Gender Data Collection, Tagging, and Analysis

What are the problems that exist in collection, tagging, and analysis of gender data today?

Hi @lepri, @trigoana, @key2xanadu, @yanchen, @adanvers,
Given your vast experience in gender data, I feel you may be able to contribute on Karan’s discussion. Your inputs would help us in understanding core problems relating to gender data gap.

Hello everybody, from my experience as a gender and water expert: the main obstacle for collecting gender data is the absence of realistic indicators that can reflect a real gap within a specific community, communities are not hemogenous even in the same geographic area so general indicators and measurements are not pointing the same gender markers that lead to data gap

Hi @Hanadibader thank you for sharing your experience.

What recommendations do you have for how we might develop realistic indicators that reflect gaps within a specific community?

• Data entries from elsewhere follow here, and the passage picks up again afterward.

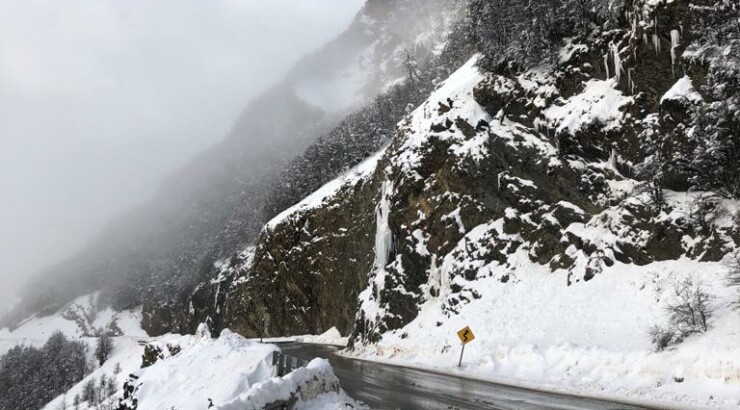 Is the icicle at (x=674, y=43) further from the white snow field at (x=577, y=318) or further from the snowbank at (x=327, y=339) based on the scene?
the snowbank at (x=327, y=339)

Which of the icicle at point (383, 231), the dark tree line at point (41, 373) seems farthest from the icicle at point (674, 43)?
the dark tree line at point (41, 373)

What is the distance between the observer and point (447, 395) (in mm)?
15359

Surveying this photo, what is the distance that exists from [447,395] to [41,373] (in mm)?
155027

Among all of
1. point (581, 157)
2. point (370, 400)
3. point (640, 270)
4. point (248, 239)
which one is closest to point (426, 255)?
point (581, 157)

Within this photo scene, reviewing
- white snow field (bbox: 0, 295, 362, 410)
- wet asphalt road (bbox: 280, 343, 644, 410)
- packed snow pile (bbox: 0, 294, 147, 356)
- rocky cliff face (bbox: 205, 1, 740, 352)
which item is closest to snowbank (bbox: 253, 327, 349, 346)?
rocky cliff face (bbox: 205, 1, 740, 352)

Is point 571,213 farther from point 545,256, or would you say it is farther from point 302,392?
point 302,392

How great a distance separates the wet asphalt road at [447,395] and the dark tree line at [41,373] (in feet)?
448

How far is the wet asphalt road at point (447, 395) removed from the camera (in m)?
13.3

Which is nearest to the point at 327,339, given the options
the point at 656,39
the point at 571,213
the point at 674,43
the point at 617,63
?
the point at 571,213

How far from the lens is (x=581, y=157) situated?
2861 cm

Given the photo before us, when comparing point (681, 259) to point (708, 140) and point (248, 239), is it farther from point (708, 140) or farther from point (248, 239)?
point (248, 239)

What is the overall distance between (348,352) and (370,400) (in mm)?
24244

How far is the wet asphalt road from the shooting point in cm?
1331

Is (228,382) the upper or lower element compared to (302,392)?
lower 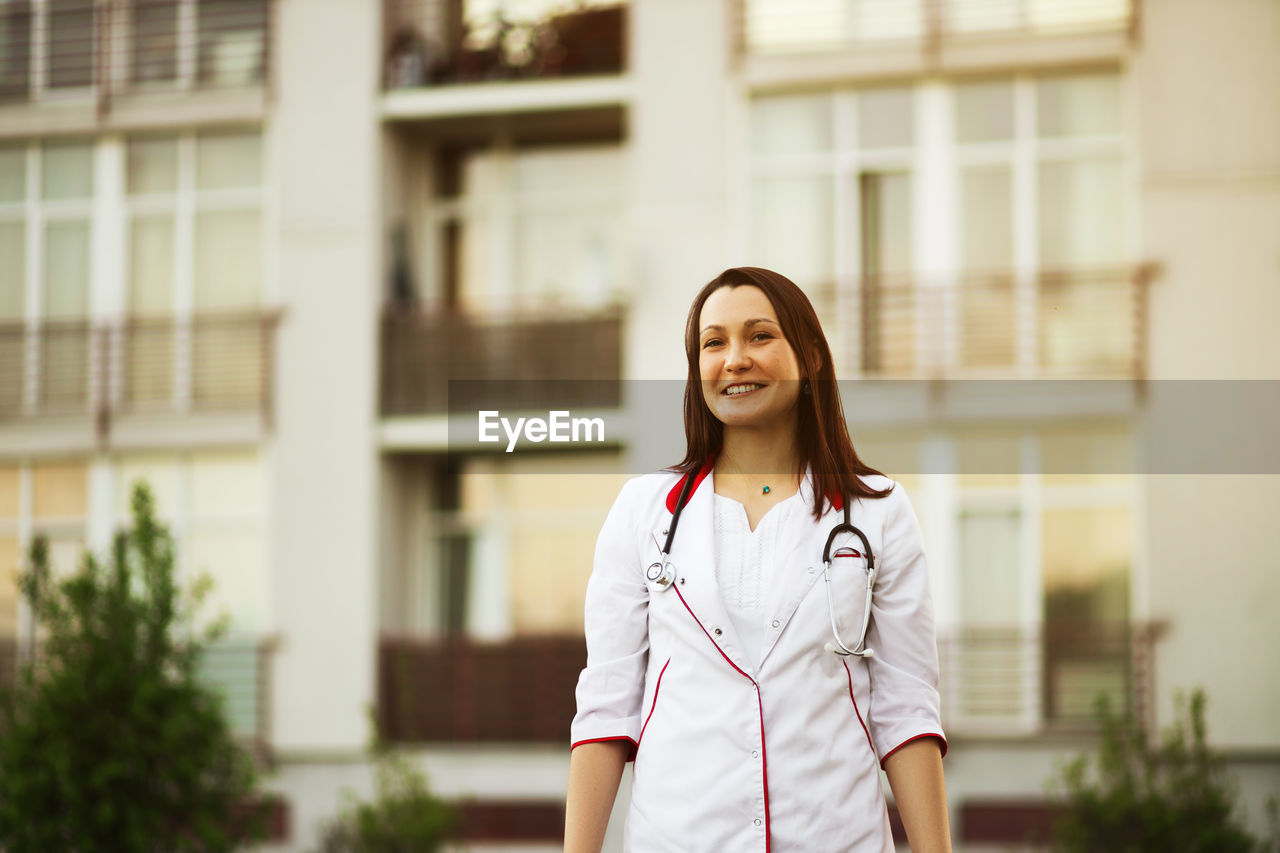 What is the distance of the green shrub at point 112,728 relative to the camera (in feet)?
34.0

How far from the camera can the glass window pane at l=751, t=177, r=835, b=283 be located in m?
15.0

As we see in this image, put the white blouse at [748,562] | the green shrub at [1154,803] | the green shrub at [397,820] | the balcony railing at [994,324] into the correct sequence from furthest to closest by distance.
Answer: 1. the balcony railing at [994,324]
2. the green shrub at [397,820]
3. the green shrub at [1154,803]
4. the white blouse at [748,562]

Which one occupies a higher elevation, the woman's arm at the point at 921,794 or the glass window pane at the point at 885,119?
the glass window pane at the point at 885,119

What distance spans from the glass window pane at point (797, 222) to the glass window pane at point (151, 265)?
20.4 ft

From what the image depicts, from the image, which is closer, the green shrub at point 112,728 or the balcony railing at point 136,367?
the green shrub at point 112,728

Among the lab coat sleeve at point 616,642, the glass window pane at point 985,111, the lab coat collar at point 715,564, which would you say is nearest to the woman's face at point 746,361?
the lab coat collar at point 715,564

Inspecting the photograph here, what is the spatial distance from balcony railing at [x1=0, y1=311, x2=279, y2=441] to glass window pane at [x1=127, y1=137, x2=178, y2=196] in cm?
142

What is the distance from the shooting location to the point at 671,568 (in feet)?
8.77

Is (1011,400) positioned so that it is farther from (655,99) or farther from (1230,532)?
(655,99)

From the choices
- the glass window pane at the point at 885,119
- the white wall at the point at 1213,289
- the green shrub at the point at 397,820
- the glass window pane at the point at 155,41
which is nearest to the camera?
the green shrub at the point at 397,820

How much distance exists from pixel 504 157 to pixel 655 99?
2.09m

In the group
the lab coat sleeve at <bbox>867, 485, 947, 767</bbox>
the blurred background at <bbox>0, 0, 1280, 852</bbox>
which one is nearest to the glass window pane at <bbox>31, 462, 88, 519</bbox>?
the blurred background at <bbox>0, 0, 1280, 852</bbox>

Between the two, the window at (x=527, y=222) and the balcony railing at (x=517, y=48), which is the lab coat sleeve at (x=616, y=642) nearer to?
the window at (x=527, y=222)

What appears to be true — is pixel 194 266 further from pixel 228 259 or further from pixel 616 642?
pixel 616 642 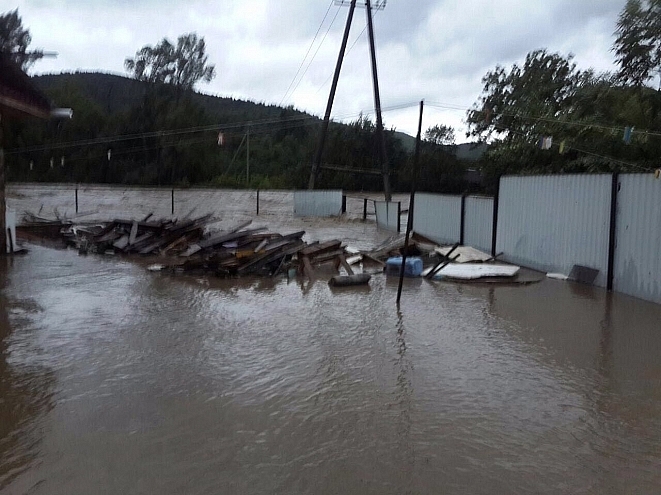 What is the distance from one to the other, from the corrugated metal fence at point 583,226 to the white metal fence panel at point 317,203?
1572 cm

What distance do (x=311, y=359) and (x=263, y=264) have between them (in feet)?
21.9

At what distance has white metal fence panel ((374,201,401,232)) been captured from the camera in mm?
24766

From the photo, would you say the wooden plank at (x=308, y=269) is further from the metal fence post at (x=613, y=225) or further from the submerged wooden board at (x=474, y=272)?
the metal fence post at (x=613, y=225)

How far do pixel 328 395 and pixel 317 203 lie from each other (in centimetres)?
2658

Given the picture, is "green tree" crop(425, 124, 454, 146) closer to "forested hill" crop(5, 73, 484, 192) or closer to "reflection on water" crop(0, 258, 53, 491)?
"forested hill" crop(5, 73, 484, 192)

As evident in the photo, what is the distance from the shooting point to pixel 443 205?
19.3m

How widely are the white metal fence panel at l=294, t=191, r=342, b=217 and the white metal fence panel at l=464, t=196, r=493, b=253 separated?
1506 centimetres

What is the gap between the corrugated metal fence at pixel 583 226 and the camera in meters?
9.70

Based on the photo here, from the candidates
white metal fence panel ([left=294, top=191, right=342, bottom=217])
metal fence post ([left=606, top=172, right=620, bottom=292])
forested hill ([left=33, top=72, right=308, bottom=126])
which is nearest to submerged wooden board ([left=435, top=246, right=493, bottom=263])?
metal fence post ([left=606, top=172, right=620, bottom=292])

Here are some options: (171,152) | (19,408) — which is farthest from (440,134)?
(19,408)

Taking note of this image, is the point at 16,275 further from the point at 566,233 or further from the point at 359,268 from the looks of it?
the point at 566,233

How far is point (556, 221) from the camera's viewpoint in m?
12.3

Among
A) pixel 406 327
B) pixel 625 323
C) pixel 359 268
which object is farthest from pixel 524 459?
pixel 359 268

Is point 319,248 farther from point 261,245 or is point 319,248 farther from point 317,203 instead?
point 317,203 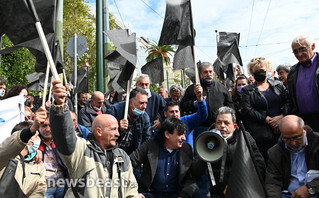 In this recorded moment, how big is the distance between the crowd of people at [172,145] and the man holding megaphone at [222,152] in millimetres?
12

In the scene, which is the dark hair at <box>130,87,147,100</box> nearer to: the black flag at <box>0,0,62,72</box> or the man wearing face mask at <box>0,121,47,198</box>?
the man wearing face mask at <box>0,121,47,198</box>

Hi @Pauwow, @dappel, @clddrd, @pms, @kkdata, @ingmarweber, @mlow, @rosiecampbell,
Given your background in data and computer science, we feel you may be able to provide inputs on Karan’s discussion and @Hanadibader and @Kathleen_Hamrick comment.

Hi @fabienaccominotti, @aksharacentreindia, @MaikaSondarjee, @clausdh, @VictorOrozco1,
Join the discussion to let us know the problems faced while Data collection and analysis.

I think one of the problems is to ask the right questions. For instance, in many surveys about street harassment in the Netherlands participants were asked “have you ever been harassed?”, many said no and politicians concluded that it was not such a bad problem after all. But if you ask “are there places where you don’t go in order to not been harassed?” or “have you changed your behavior in order to not be harassed?” then we get a totally different picture of the level of safety experiences on Dutch streets. The right questions can be found through dialogue with the target group.

This is a good point @“ÅsaEkvall”. I appreciate how it reflects a more “bottom-up,” experience-based approach that starts with the people. It also demonstrates the value of open-ended questions and framing.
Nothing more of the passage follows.